==== Source records ====
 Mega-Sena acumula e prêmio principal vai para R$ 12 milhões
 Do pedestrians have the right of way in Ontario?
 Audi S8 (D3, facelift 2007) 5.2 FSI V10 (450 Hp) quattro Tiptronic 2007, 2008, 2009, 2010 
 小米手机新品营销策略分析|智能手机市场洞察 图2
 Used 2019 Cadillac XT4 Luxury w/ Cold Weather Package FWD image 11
====
What the task requires —
Please copy the line holding "Do pedestrians have" and all lines after it to the end of the records, exactly, and nothing else.

Result for this exercise —
 Do pedestrians have the right of way in Ontario?
 Audi S8 (D3, facelift 2007) 5.2 FSI V10 (450 Hp) quattro Tiptronic 2007, 2008, 2009, 2010 
 小米手机新品营销策略分析|智能手机市场洞察 图2
 Used 2019 Cadillac XT4 Luxury w/ Cold Weather Package FWD image 11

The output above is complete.